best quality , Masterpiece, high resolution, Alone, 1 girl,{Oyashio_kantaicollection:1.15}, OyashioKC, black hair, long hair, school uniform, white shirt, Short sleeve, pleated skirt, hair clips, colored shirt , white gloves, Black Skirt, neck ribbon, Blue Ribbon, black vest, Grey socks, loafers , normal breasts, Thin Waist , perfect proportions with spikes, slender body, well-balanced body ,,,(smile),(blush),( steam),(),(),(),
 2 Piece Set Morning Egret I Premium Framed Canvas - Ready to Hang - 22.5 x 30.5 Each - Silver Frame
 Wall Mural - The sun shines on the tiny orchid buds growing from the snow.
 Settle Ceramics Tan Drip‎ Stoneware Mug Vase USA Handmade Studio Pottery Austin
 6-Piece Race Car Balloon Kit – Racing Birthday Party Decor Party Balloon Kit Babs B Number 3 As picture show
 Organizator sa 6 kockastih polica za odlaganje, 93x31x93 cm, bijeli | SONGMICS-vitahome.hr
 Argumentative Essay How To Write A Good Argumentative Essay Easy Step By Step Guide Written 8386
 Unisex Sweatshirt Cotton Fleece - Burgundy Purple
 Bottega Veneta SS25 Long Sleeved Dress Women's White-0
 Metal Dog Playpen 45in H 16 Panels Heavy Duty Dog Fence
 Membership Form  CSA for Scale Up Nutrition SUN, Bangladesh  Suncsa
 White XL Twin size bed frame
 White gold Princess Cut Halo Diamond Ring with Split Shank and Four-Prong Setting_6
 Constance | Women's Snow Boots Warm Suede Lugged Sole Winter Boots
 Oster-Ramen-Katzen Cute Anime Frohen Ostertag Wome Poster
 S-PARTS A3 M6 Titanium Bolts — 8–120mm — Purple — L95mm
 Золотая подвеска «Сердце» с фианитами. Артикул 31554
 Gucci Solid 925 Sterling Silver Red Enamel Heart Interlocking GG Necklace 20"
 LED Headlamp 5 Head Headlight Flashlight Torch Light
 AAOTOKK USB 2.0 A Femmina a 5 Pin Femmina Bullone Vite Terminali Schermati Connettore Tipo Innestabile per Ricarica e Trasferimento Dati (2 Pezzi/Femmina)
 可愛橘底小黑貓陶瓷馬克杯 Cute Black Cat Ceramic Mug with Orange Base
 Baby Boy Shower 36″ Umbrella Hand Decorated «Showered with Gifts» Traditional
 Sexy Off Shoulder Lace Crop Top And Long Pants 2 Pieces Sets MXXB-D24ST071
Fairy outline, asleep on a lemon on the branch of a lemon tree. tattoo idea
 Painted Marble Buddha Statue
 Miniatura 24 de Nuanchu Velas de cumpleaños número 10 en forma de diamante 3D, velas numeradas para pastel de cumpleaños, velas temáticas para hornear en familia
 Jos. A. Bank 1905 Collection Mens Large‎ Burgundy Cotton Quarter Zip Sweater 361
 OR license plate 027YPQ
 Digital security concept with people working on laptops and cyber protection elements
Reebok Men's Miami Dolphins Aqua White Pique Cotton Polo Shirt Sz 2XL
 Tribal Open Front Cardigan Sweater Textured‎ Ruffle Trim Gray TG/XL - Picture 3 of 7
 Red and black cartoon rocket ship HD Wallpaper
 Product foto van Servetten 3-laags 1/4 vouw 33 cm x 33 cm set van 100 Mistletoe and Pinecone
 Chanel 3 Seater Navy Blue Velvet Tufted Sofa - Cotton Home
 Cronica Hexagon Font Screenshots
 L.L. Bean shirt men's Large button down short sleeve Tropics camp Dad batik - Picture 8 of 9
______
DESCRIPTION OF THE TASK: Please restate word for word only the lines from the one with "Gucci Solid 925" through the final line of the listing above, both of them included.

TASK RESULT:
 Gucci Solid 925 Sterling Silver Red Enamel Heart Interlocking GG Necklace 20"
 LED Headlamp 5 Head Headlight Flashlight Torch Light
 AAOTOKK USB 2.0 A Femmina a 5 Pin Femmina Bullone Vite Terminali Schermati Connettore Tipo Innestabile per Ricarica e Trasferimento Dati (2 Pezzi/Femmina)
 可愛橘底小黑貓陶瓷馬克杯 Cute Black Cat Ceramic Mug with Orange Base
 Baby Boy Shower 36″ Umbrella Hand Decorated «Showered with Gifts» Traditional
 Sexy Off Shoulder Lace Crop Top And Long Pants 2 Pieces Sets MXXB-D24ST071
Fairy outline, asleep on a lemon on the branch of a lemon tree. tattoo idea
 Painted Marble Buddha Statue
 Miniatura 24 de Nuanchu Velas de cumpleaños número 10 en forma de diamante 3D, velas numeradas para pastel de cumpleaños, velas temáticas para hornear en familia
 Jos. A. Bank 1905 Collection Mens Large‎ Burgundy Cotton Quarter Zip Sweater 361
 OR license plate 027YPQ
 Digital security concept with people working on laptops and cyber protection elements
Reebok Men's Miami Dolphins Aqua White Pique Cotton Polo Shirt Sz 2XL
 Tribal Open Front Cardigan Sweater Textured‎ Ruffle Trim Gray TG/XL - Picture 3 of 7
 Red and black cartoon rocket ship HD Wallpaper
 Product foto van Servetten 3-laags 1/4 vouw 33 cm x 33 cm set van 100 Mistletoe and Pinecone
 Chanel 3 Seater Navy Blue Velvet Tufted Sofa - Cotton Home
 Cronica Hexagon Font Screenshots
 L.L. Bean shirt men's Large button down short sleeve Tropics camp Dad batik - Picture 8 of 9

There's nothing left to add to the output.